[INFORMATION SUPPLIED — start]
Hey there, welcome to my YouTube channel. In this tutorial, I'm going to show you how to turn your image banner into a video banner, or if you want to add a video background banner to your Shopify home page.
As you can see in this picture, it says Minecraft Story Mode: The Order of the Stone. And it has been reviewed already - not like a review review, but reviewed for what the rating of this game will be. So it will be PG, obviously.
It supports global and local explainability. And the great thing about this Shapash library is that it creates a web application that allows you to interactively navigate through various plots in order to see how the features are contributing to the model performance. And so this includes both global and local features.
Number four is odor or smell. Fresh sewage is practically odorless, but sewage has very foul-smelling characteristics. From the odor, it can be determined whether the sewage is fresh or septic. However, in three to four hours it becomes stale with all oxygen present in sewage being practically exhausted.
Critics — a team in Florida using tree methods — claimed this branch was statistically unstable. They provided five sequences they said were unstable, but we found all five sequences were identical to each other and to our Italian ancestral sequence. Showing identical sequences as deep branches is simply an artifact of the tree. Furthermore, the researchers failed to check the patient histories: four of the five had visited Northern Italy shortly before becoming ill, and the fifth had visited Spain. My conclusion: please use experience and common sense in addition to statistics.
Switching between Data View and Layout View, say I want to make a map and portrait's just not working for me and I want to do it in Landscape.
[INFORMATION SUPPLIED — finish]
[INFORMATION SUPPLIED — start]
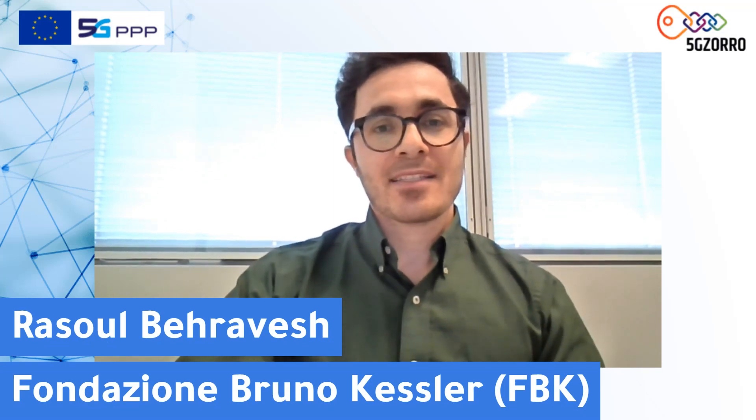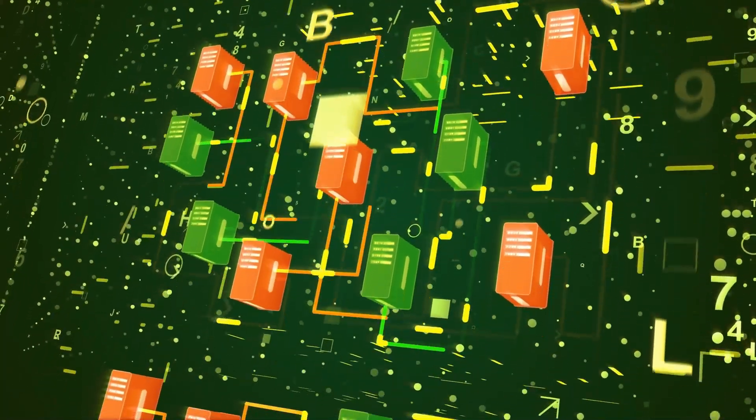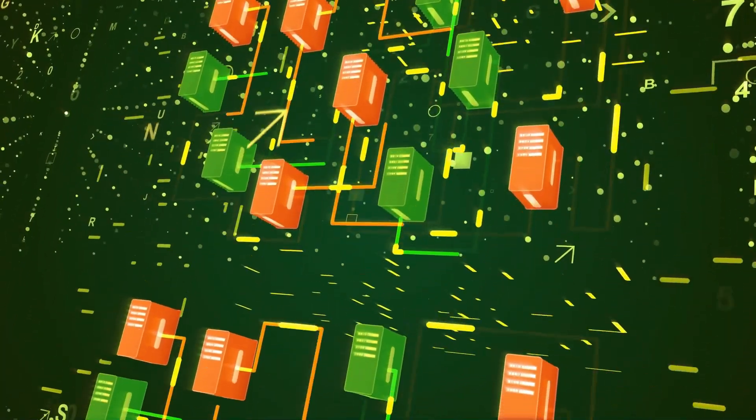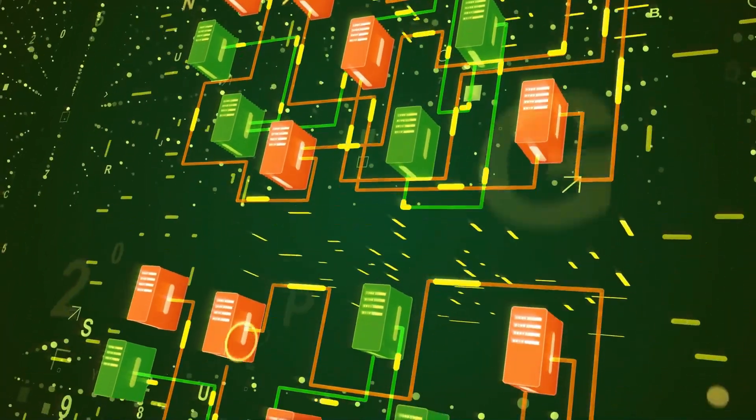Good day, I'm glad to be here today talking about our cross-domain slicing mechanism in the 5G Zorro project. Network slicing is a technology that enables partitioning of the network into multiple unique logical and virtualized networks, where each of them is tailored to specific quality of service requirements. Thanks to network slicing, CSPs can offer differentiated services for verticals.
[INFORMATION SUPPLIED — finish]
[INFORMATION SUPPLIED — start]
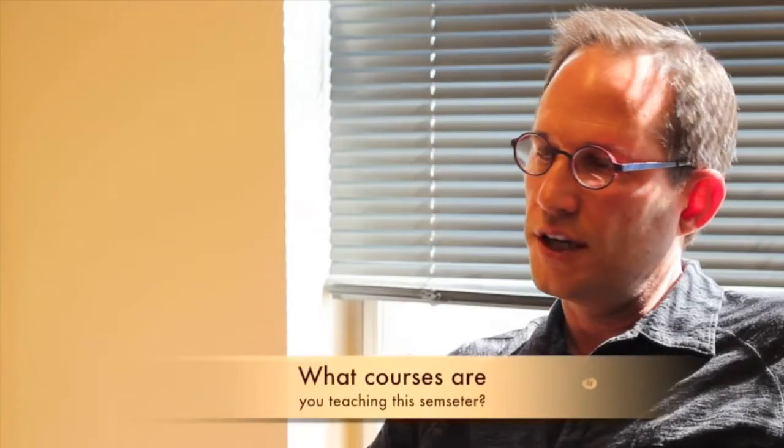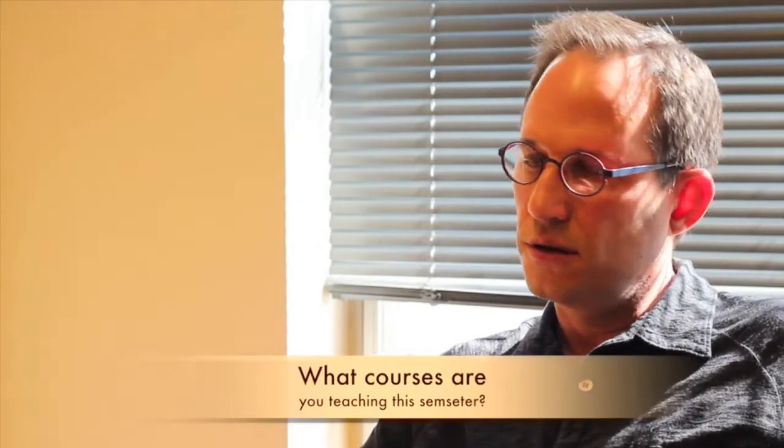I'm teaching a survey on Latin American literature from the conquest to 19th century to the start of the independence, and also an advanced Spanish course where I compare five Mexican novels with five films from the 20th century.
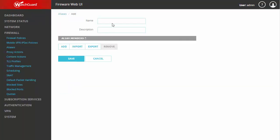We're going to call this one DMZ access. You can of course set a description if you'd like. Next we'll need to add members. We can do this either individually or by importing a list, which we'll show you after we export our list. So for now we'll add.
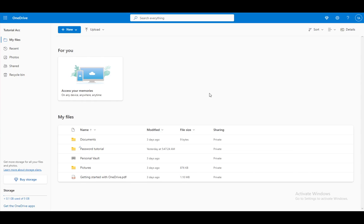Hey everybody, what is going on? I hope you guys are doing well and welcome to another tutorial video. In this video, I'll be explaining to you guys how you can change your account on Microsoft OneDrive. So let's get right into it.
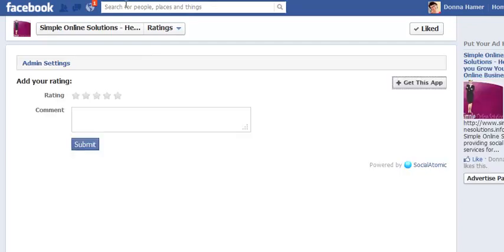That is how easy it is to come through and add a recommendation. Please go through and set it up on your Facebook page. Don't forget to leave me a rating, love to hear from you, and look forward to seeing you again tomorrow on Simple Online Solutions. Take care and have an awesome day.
[INFORMATION SUPPLIED — finish]
» **INSTRUCTIONS FOR THE TASK**:
When a line of the data holds the string "want", pick it out and copy it.

» **COMPLETED EXERCISE**:
Hey there, welcome to my YouTube channel. In this tutorial, I'm going to show you how to turn your image banner into a video banner, or if you want to add a video background banner to your Shopify home page.
Switching between Data View and Layout View, say I want to make a map and portrait's just not working for me and I want to do it in Landscape.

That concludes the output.